For the parabola \(y = x^2\), the differential is:

\[dy = 2x \, dx\]

This tells us the tangent direction: moving \(dx\) in the \(x\)-direction causes \(dy = 2x \, dx\) in the \(y\)-direction. So the tangent vector is:

\[\vec{T} = (1, \; 2x)\]

To get the normal vector (perpendicular to the tangent), we swap and negate:

\[\vec{N} = (-2x, \; 1)\]

The minimum-distance line from \(P(3,1)\) to the parabola must point in the normal direction. At a point \((x_0, x_0^2)\) on the parabola, the direction to \(P\) is \((3 - x_0, \; 1 - x_0^2)\). For this to be parallel to \(\vec{N} = (-2x_0, 1)\):

\[\frac{3 - x_0}{-2x_0} = \frac{1 - x_0^2}{1}\]

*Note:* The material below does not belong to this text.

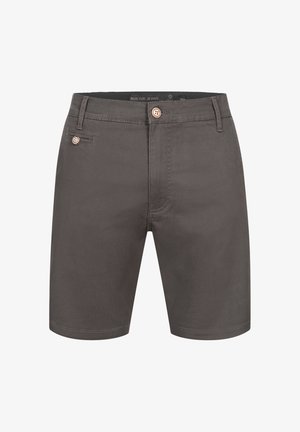 Szürke pamut sort gombos zárással és elülső zsebbel. Simaságával és igényes szabásával emelkedik ki.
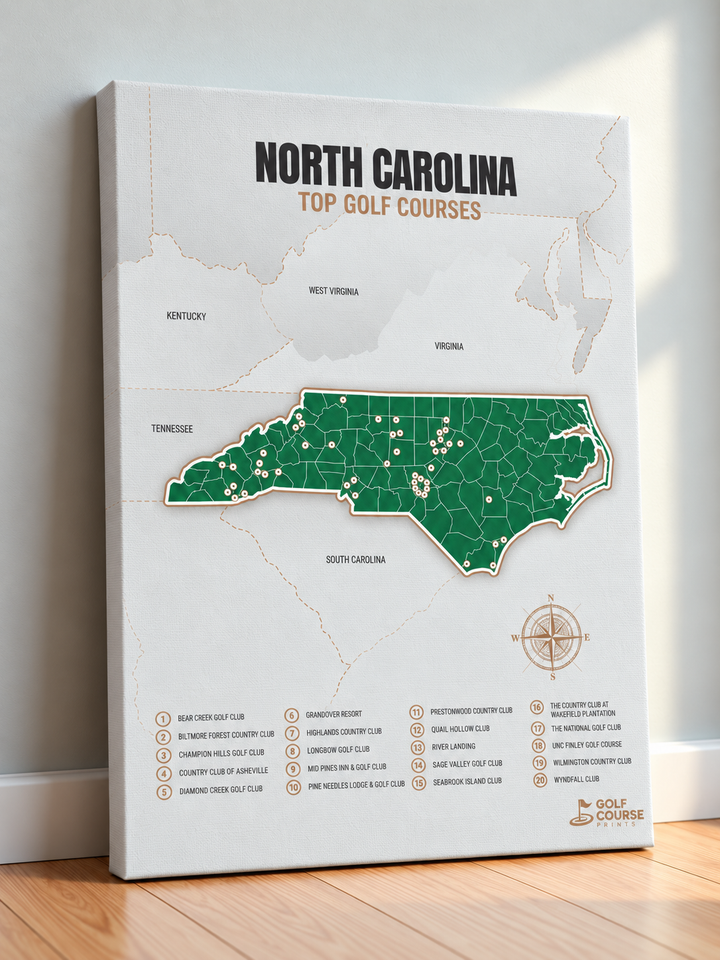 North Carolina golf courses map in Green - Canvas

This gives us the same cubic equation — but we arrived at it geometrically instead of algebraically!

Explore — see the tangent and normal lines at any point on the parabola:

Drag the slider for \(a\) until the normal line (purple) passes through \(P\) — that’s the closest point!

Homework: Ellipse Distance Problem

Use the geometric method to find the point on the ellipse \(\frac{x^2}{4} + y^2 = 1\) closest to a given external point.

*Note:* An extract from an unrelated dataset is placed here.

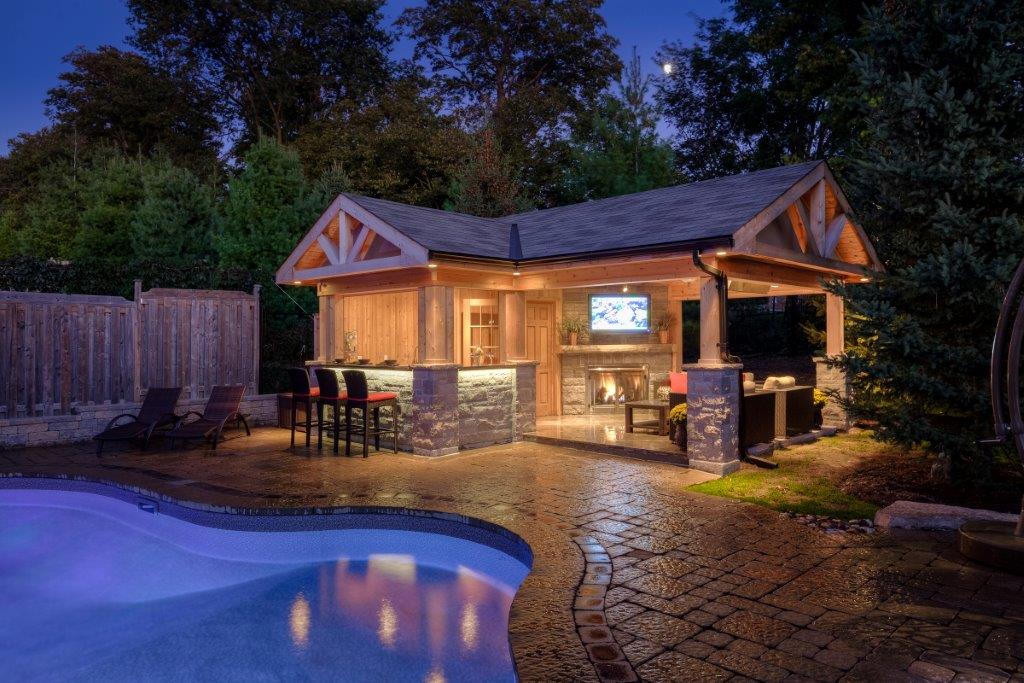 Backyard pool cabana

Hint: For the ellipse, the differential is:

\[\frac{2x}{4}\,dx + 2y\,dy = 0 \implies \frac{x}{2}\,dx + 2y\,dy = 0\]

So the tangent vector is \((2y, -\frac{x}{2})\) and the normal vector is \((\frac{x}{2}, 2y)\). Set up the perpendicularity condition just like we did for the parabola!

Cheat Sheet

What you want What to do
Find max or min of \(f(x)\) Solve \(f'(x) = 0\)
Minimize a distance Minimize \(D^2\) instead (avoids the square root!)
AM-GM inequality \(\frac{a+b}{2} \geq \sqrt{ab}\), equality when \(a = b\)
Tangent vector to \(y = f(x)\) \((1, \; f'(x))\)
Normal vector to \(y = f(x)\) \((-f'(x), \; 1)\)
Closest point on a curve Line from external point must be perpendicular to tangent

The Optimization Recipe

\[\text{Write } D^2 \text{ as a function of one variable} \;\longrightarrow\; \text{Take derivative} \;\longrightarrow\; \text{Set } = 0 \;\longrightarrow\; \text{Solve!}\]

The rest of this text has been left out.